*Activity*
Among the entries that follow, locate the line with "Hello, this is" and the line with "Step 2: Tap". Output those lines and all lines in between, exactly, minus the pictures.

*Excerpted records*
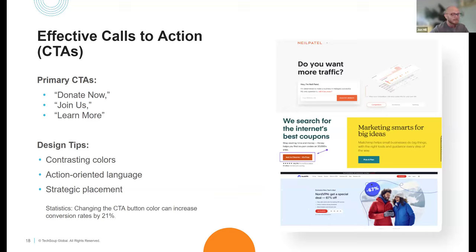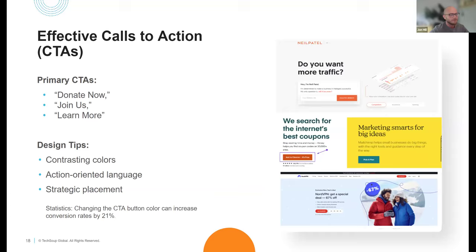Think about the strategic placement of CTAs as well. It's always a good idea to have one above the fold — meaning as soon as somebody lands on your site, depending on screen size, they see the button right away. As they scroll down, make sure CTAs are placed strategically with whatever content makes sense. If you have a section about volunteering, make sure you have a strong CTA labeled in the volunteer area.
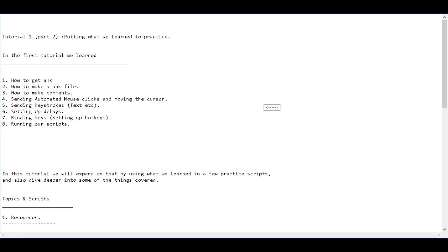Hello, this is Hellbent, aka Siv Reborn from YouTube. This video is the second follow-up video to the topic we covered in tutorial 1 in the AutoHotKey tutorial series.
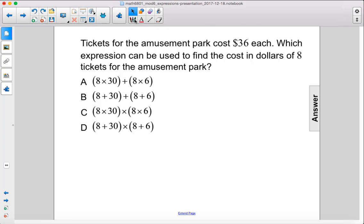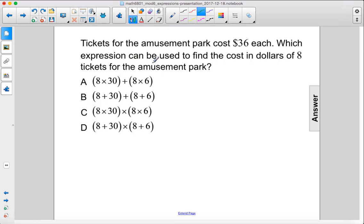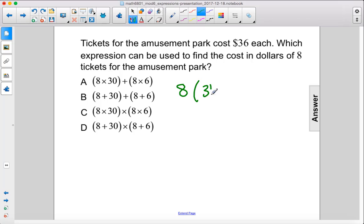Tickets for the amusement park cost $36 each. Which expression can be used to find the cost in dollars of 8 tickets for the amusement park? Alright, so we have 8 tickets times $36.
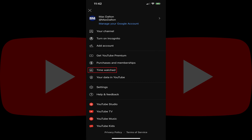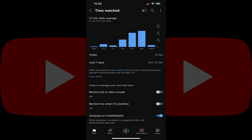Step 2: Tap Time Watched. The Time Watched screen is displayed where you can see how much time you've spent watching YouTube on a daily basis over the last seven days. Again, these stats don't include time spent on either YouTube Music or YouTube TV.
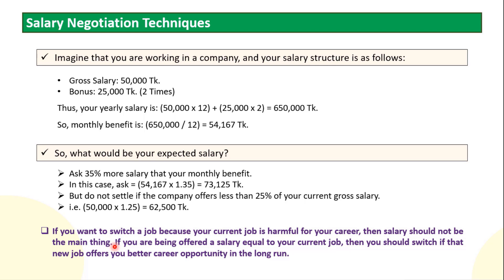Your career growth is very low, promotion is very low. If you are being offered a salary equal to your current job, you should switch if that new job offers you a better career opportunity in the long run.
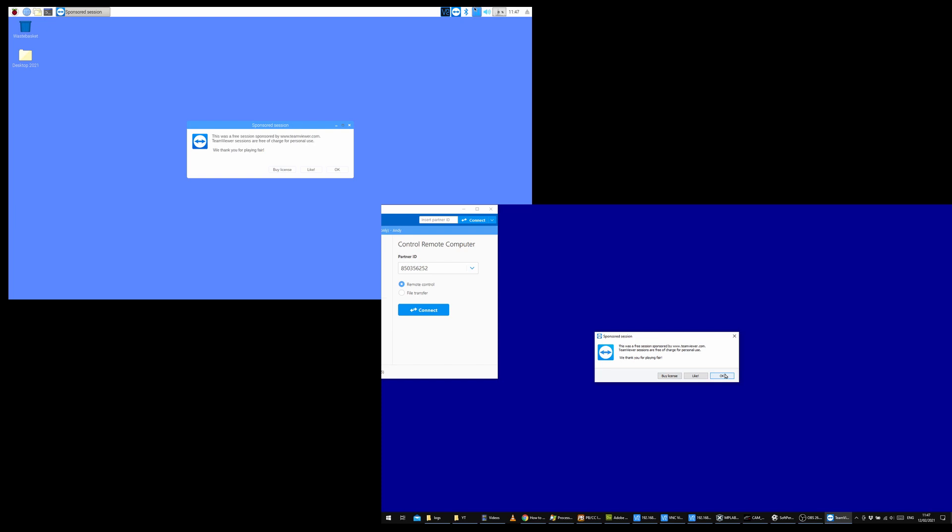And we got a little pop-up to say this was a free sponsored session by TeamViewer. And there we go, that is how to install TeamViewer on a Raspberry Pi.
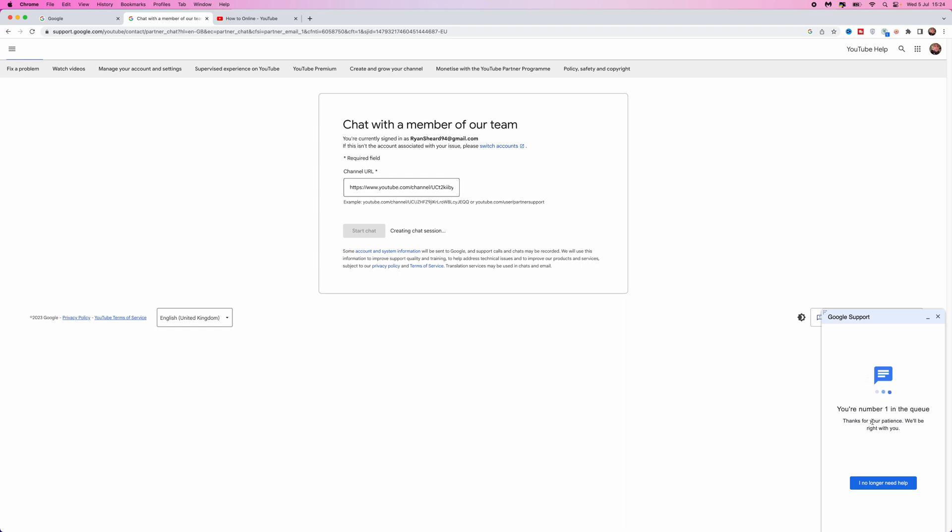then be able to get help on the live chat. So it's just that simple guys. If this video did help you out please leave a like on today's video, and I will see you in the next one.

*Response*
Hello, this is Hellbent, aka Siv Reborn from YouTube. This video is the second follow-up video to the topic we covered in tutorial 1 in the AutoHotKey tutorial series.
Tickets for the amusement park cost $36 each. Which expression can be used to find the cost in dollars of 8 tickets for the amusement park? Alright, so we have 8 tickets times $36.
Step 2: Tap Time Watched. The Time Watched screen is displayed where you can see how much time you've spent watching YouTube on a daily basis over the last seven days. Again, these stats don't include time spent on either YouTube Music or YouTube TV.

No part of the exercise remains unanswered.